The North Jackson Company, writers of new rules for Maine, said: “We pride ourselves in our long relationships with two major metallic mining companies.”

Important questions were asked at a January event about modern liners that still develop leaks, about natural disasters that still cause modern tailings ponds to fail, about examples of modern mines using modern technology that has not polluted surrounding waters. None of these questions got reassuring answers.

Hydrogeologist Carol White explained, “Inherent in any of these studies is uncertainty. Nobody can guarantee water quality in the future.”

It’s true, there is plenty of uncertainty in life, but we can choose to reduce uncertainty by writing environmental protections that are more rather than less rigorous.

Alice Bolstridge

Presque Isle

A beautiful building

Last night, my wife and I attended a spectacular performance of Beauty and the Beast at the Cross Insurance Center. We were thrilled to be able to attend the event in a close proximity to our home. However, the environment of the center for a traveling Broadway show left something to be desired.

The show itself started about 15 minutes late — the flow of vehicle traffic and parking seemed to be the reason. At show time, there were still hundreds of folks shuffling to their seats. During the first transition, more tardy patrons were allowed to descend the stairs to find their seats. This was very inconvenient because it made seeing the stage impossible as we were sitting on the aisle.

I completely understand the center offering concessions, but it was different than my experiences at the Merrill Auditorium in Portland or in New York City. The issue wasn’t the food or drink; it was again the constant movement and traffic of others seated around you that made it hard to enjoy the performance. Broadway shows have an intermission for a reason.

Overall, and it bears repeating, the show was fantastic. My issues are with the center itself. The building is beautiful and will be a great home for many years to come for basketball, concerts, circus, etc. However, I feel that not every show/performance/event will be a good fit for the center. I hope as the building matures, concerns for a spectator’s enjoyment level will be considered.

CJ McKenna

Waterville

Religious freedom

So, in spite of having his way with the defeat of LD 1428, An Act to Protect Religious Freedom, former state Rep.
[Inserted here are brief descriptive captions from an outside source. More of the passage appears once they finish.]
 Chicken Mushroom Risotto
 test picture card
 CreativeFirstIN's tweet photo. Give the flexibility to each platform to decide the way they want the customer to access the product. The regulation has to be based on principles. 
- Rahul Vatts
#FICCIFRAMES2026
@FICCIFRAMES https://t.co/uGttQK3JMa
Stacey Fitts, a Republican, is disappointed that some of his party were in favor of the proposed law, according to his March 3 BDN OpEd. It’s interesting to see him apparently invoking reasonability and temperance in law making. Would that Fitts might have used his office of public trust to do as much when he supported the redefinition of marriage.

He says “we already have strong protections” for our religious freedoms, and I agree. But, when you enact over-the-top laws for one special interest, it’s hardly surprising for others to seek a legal recourse for infringement upon them. Fitts and others enjoyed rockstar popularity for a single-minded mission where “equality” under the law has been stretched into the realms of urges, behaviors and lifestyles.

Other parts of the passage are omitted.